Studio album by Weezer
- Released: October 30, 2009
- Recorded: November 2008 - January 2009; Summer 2009;
- Studios: Rubyred (Santa Monica); The Village (Los Angeles); Sound City (Van Nuys); The Document Room (Malibu); Zeitgeist (Los Angeles); Conway (Los Angeles); The Thom Thom Club (Santa Monica);
- Genres: Power pop; pop rock;
- Length: 34:34
- Labels: DGC; Interscope;
- Producers: Dr. Luke; Jacknife Lee; Polow da Don; Butch Walker; Rivers Cuomo;

Weezer chronology
| Christmas with Weezer (2008) | Raditude (2009) | Hurley (2010) |

Singles from Raditude
- "(If You're Wondering If I Want You To) I Want You To" Released: August 18, 2009; "I'm Your Daddy" Released: January 20, 2010;

= Raditude =

Raditude is the seventh studio album by American rock band Weezer, released on November 3, 2009, and is their final album on DGC and Interscope Records. The title of the album was suggested to Weezer frontman Rivers Cuomo by actor Rainn Wilson. The album's first single, "(If You're Wondering If I Want You To) I Want You To", was released in August 2009. The album debuted at number seven on the Billboard 200. The album's cover artwork is a photo of a dog named Sidney, originally published in the August 2009 issue of National Geographic.

The album was initially released in Australia on October 30, 2009. It was made available in the United Kingdom on November 2, 2009, and the following day in the United States. It opened at number seven on the Billboard 200, selling 66,000 copies in its first week of availability. As of September 2010, it has sold 240,000 copies.

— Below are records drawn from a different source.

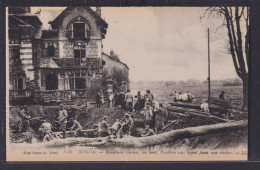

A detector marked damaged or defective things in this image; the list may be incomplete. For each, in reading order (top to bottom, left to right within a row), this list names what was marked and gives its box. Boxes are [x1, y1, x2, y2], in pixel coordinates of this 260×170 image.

damaged building [7, 6, 129, 103] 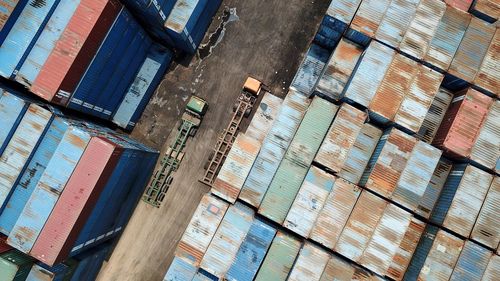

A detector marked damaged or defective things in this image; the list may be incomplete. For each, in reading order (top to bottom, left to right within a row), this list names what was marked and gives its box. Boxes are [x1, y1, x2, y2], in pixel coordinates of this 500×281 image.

rusty shipping container [312, 37, 364, 101]
rusty shipping container [344, 40, 394, 107]
rusty shipping container [424, 6, 470, 70]
rusty shipping container [448, 16, 498, 82]
rusty shipping container [176, 194, 229, 266]
rusty shipping container [199, 200, 254, 276]
rusty shipping container [211, 134, 260, 203]
rusty shipping container [245, 92, 284, 142]
rusty shipping container [260, 96, 338, 223]
rusty shipping container [288, 241, 330, 280]
rusty shipping container [286, 166, 336, 238]
rusty shipping container [310, 177, 362, 247]
rusty shipping container [316, 103, 368, 173]
rusty shipping container [334, 189, 388, 262]
rusty shipping container [416, 87, 456, 143]
rusty shipping container [430, 164, 492, 238]
rusty shipping container [434, 87, 492, 159]
rusty shipping container [470, 176, 498, 248]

==Background and recording==
Knowledge of the record was first made public by Billboard.com, who reported that Weezer was to head into the studio in early November 2008 to record a seventh album. A YouTube post titled "Let's Write A Sawng: Step 16," uploaded on November 15, 2008, showed frontman Rivers Cuomo in the studio with producer Jacknife Lee short-listing three songs from a list of 23, adding speculation to the recording of a seventh album or new B-sides.

In May, the band's webmaster and archivist Karl Koch revealed that the album had no set release date, and that the band would be recording additional material. He revealed that Cuomo would be the sole lead vocalist on this album unlike their previous album, 2008's Weezer (also known as the Red Album). In early summer of 2009, session drummer Josh Freese joined Weezer, with regular drummer Patrick Wilson taking over guitar duties for Cuomo. Freese performed with the band at the KROQ Weenie Roast. In an interview for the event, the band revealed that the new album would be released in summer 2009.

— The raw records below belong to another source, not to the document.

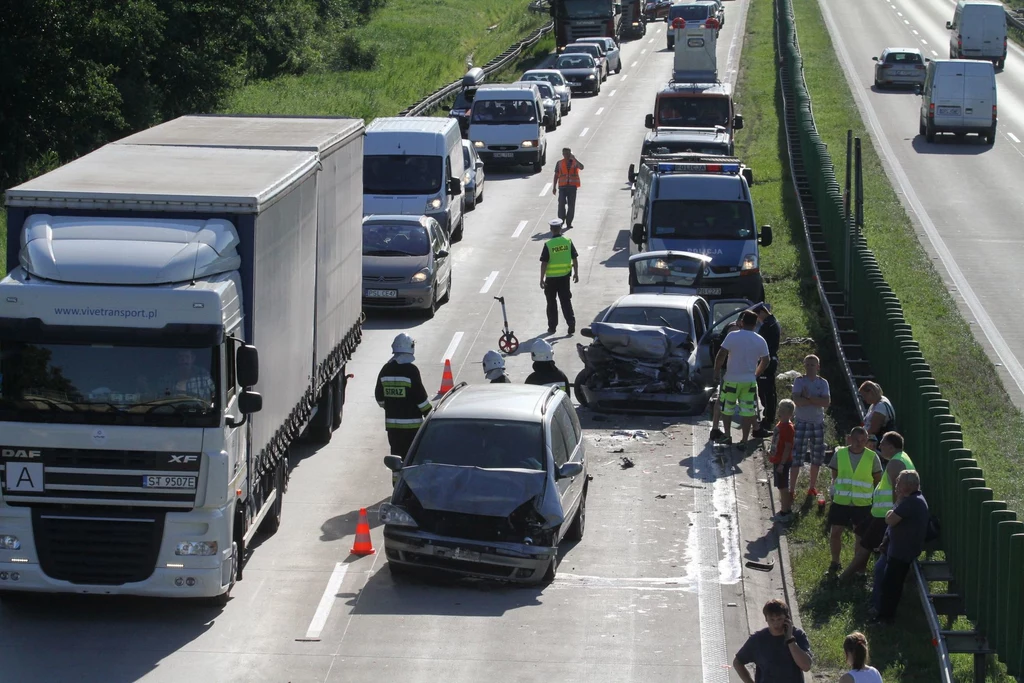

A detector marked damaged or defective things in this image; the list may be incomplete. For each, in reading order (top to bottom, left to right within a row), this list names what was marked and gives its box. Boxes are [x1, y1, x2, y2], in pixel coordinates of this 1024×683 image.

damaged silver car [577, 249, 753, 413]
damaged silver car [380, 382, 589, 585] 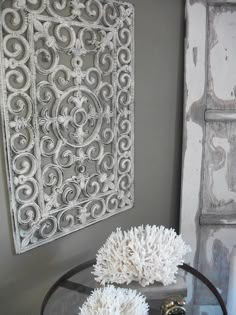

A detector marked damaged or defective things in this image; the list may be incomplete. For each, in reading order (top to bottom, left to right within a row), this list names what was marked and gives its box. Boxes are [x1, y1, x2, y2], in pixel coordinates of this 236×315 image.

white peeling paint on door [182, 1, 236, 314]
chipped paint texture [183, 0, 236, 314]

On July 24, Weezer played three new songs in Korea at the Jisan Valley Rock Festival: "Can't Stop Partying", "I'm Your Daddy", and "The Girl Got Hot". "Can't Stop Partying" had previously been released in demo form on Cuomo's Alone II album in 2008. While performing "The Girl Got Hot" on July 26, 2009, at the Fuji Rock Festival, Cuomo revealed that Weezer's seventh studio album would be released in October 2009. August 4, 2009, saw the final recording sessions for the album, with mixing of the disc beginning two days later.

"Can't Stop Partying" was co-written with hip-hop producer Jermaine Dupri, and features rapper Lil Wayne. "Put Me Back Together" was co-written with The All-American Rejects members Tyson Ritter and Nick Wheeler.

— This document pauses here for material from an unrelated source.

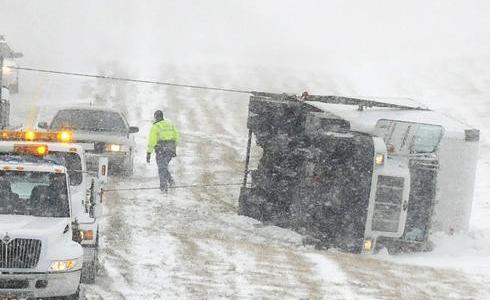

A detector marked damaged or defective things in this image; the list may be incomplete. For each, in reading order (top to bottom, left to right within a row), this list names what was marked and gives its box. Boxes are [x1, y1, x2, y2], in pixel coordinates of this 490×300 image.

overturned truck [239, 92, 480, 253]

Rhythm guitarist Brian Bell stated that he had reservations about the inclusion of outside collaborators and the album's overall mainstream pop aesthetic. In a 2010 interview, Bell revealed that he "[had] a conversation with Rivers about [Raditude]. And he said, to put my mind at ease, that this is just one album out of many more that we are going to make in our career. When I heard that, I was like, okay, cool, well that’s a great way to think of it. We’re just trying something and this is just one record out of many more. When I heard that, I was fine with it."

==Promotion==
On August 14, 2009, MTV confirmed that the first single, "(If You're Wondering If I Want You To) I Want You To", was to be released on American rock radio on August 25. The track leaked less than a week after the announcement, and the official release of the single to radio was moved up to Tuesday, August 18. A music video for the single was filmed with director Marc Webb and co-starring Odette Yustman.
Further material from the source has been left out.